**Work instruction:** Beginning at the line that holds "Say we requested", repeat every line through the last line of the material, exactly, and drop any pictures.

**Excerpted data:**
Content starts
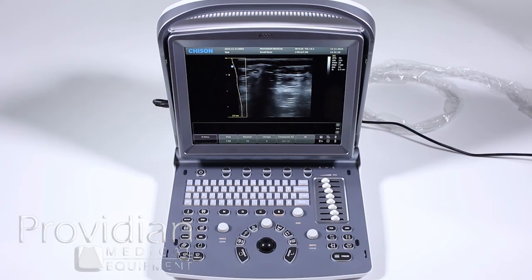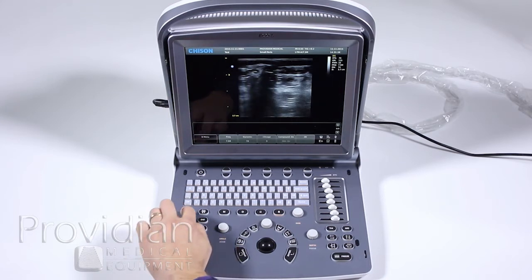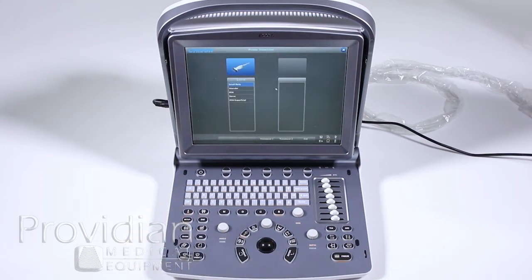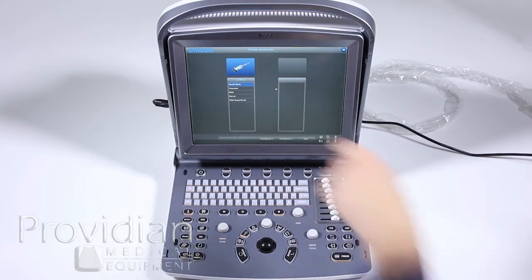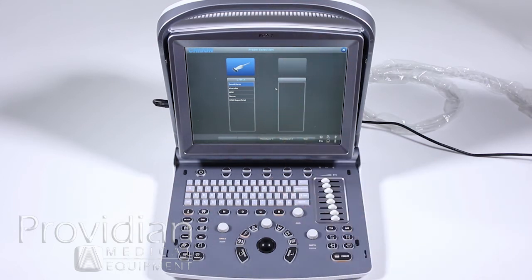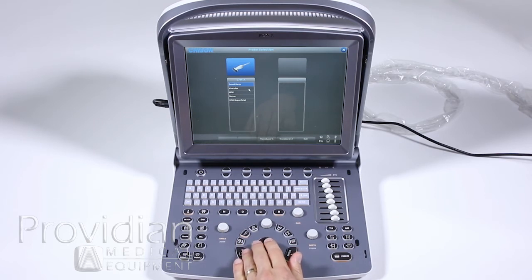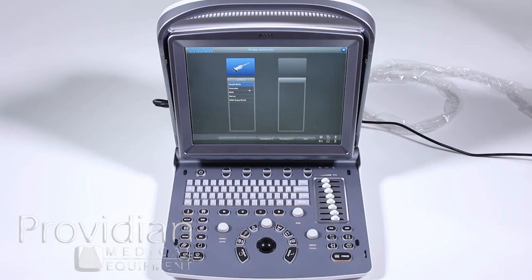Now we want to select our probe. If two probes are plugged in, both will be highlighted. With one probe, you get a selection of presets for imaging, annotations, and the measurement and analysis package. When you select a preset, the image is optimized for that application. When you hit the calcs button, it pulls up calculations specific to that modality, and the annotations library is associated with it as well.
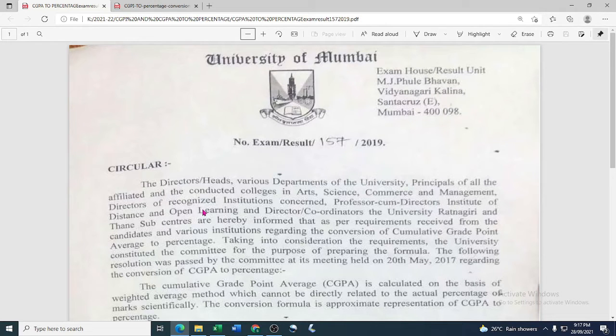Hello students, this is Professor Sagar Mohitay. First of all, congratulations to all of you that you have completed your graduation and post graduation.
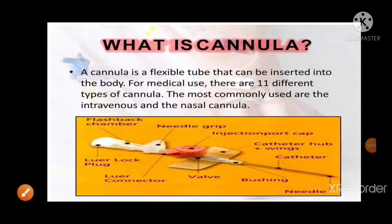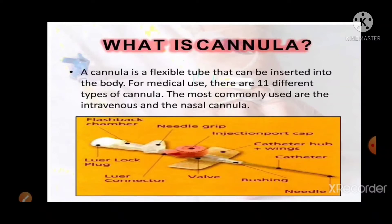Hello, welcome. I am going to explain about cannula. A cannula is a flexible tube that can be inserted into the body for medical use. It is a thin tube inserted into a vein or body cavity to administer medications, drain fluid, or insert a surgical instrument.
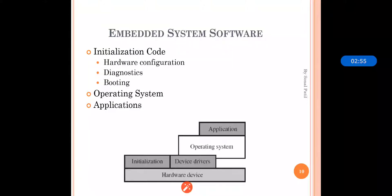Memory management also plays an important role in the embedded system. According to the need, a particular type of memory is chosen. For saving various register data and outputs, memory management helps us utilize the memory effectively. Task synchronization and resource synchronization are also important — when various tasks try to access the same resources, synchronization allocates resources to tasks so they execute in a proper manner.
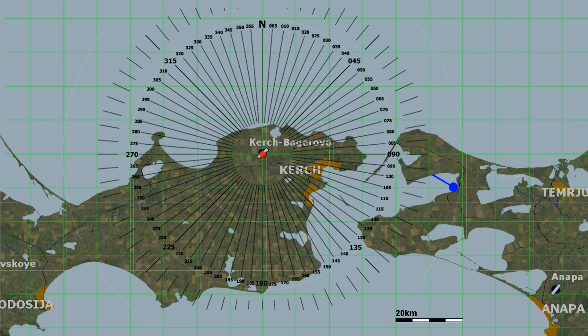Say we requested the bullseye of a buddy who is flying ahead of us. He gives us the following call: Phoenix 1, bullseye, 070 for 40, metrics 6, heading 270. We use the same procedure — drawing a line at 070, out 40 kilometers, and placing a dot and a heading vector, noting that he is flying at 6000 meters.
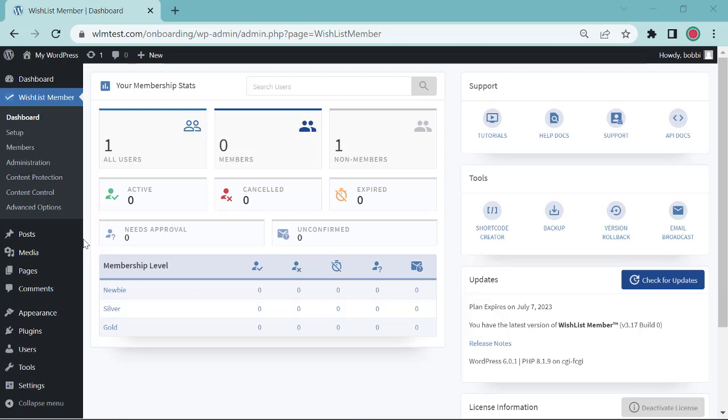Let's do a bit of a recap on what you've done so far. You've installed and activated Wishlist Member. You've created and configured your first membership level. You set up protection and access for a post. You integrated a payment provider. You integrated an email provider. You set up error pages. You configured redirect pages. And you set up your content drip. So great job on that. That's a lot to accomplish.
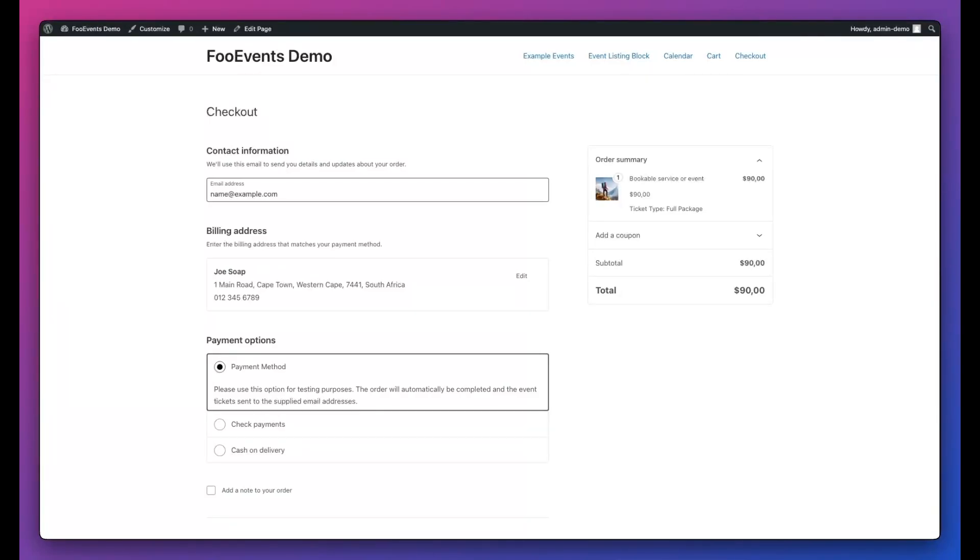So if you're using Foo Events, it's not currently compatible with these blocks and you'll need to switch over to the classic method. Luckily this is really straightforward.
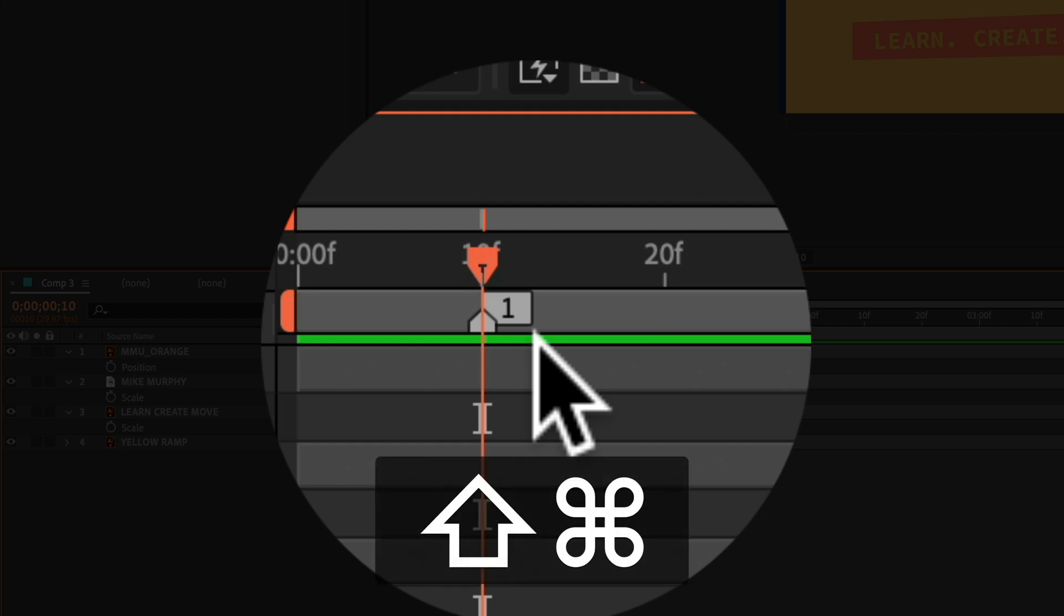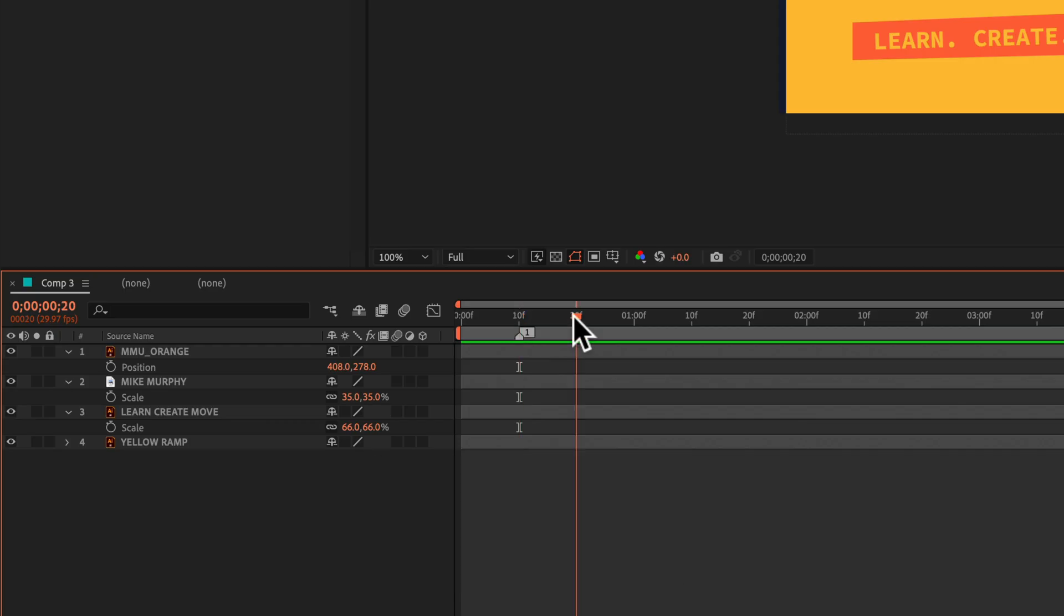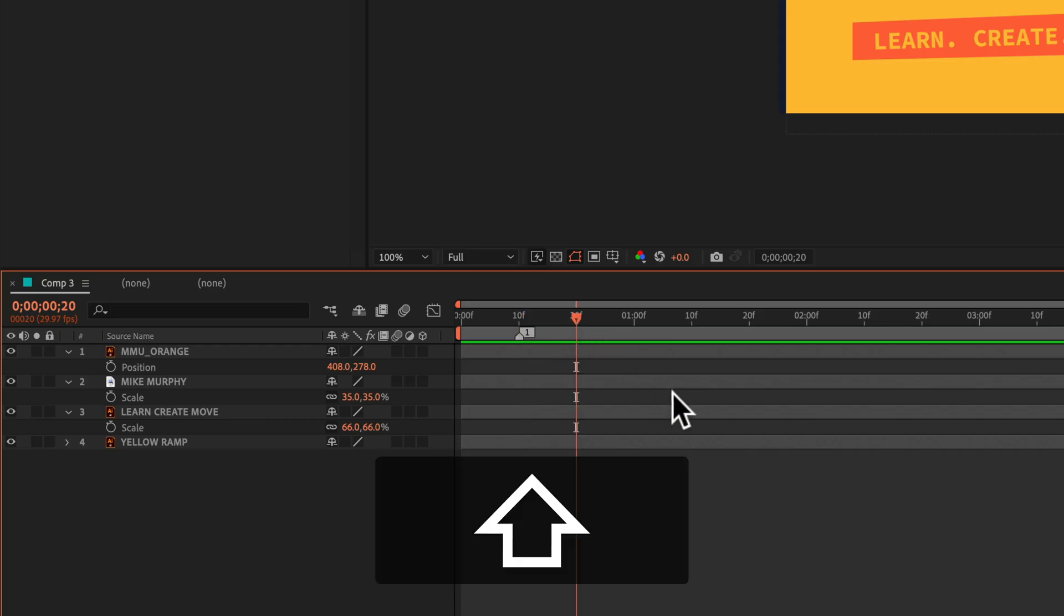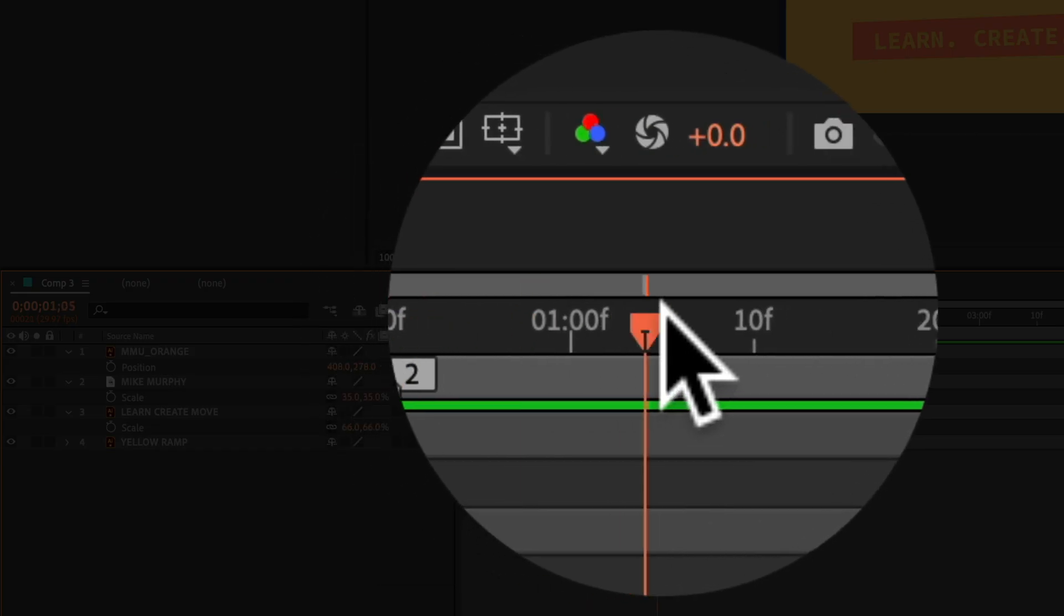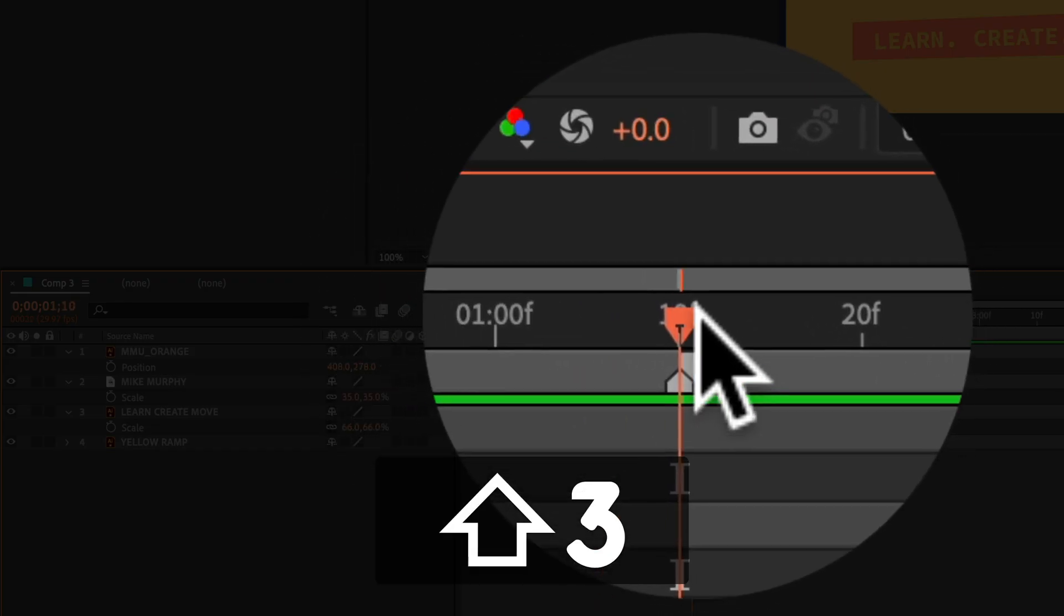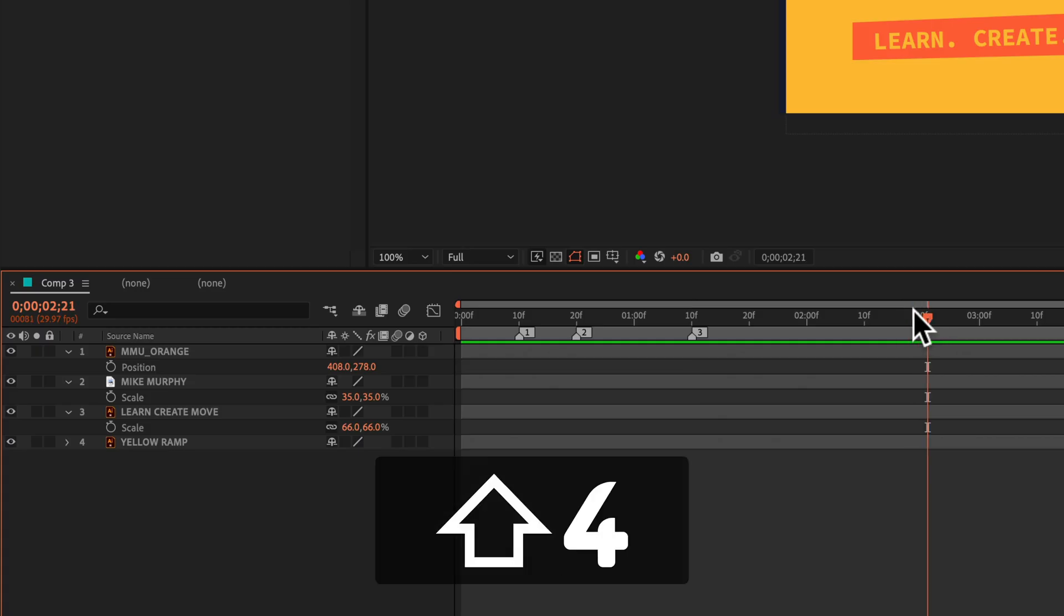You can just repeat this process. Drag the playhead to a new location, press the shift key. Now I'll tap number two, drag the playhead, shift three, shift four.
Content ends
**Result of this exercise:**
Say we requested the bullseye of a buddy who is flying ahead of us. He gives us the following call: Phoenix 1, bullseye, 070 for 40, metrics 6, heading 270. We use the same procedure — drawing a line at 070, out 40 kilometers, and placing a dot and a heading vector, noting that he is flying at 6000 meters.
Let's do a bit of a recap on what you've done so far. You've installed and activated Wishlist Member. You've created and configured your first membership level. You set up protection and access for a post. You integrated a payment provider. You integrated an email provider. You set up error pages. You configured redirect pages. And you set up your content drip. So great job on that. That's a lot to accomplish.
So if you're using Foo Events, it's not currently compatible with these blocks and you'll need to switch over to the classic method. Luckily this is really straightforward.
You can just repeat this process. Drag the playhead to a new location, press the shift key. Now I'll tap number two, drag the playhead, shift three, shift four.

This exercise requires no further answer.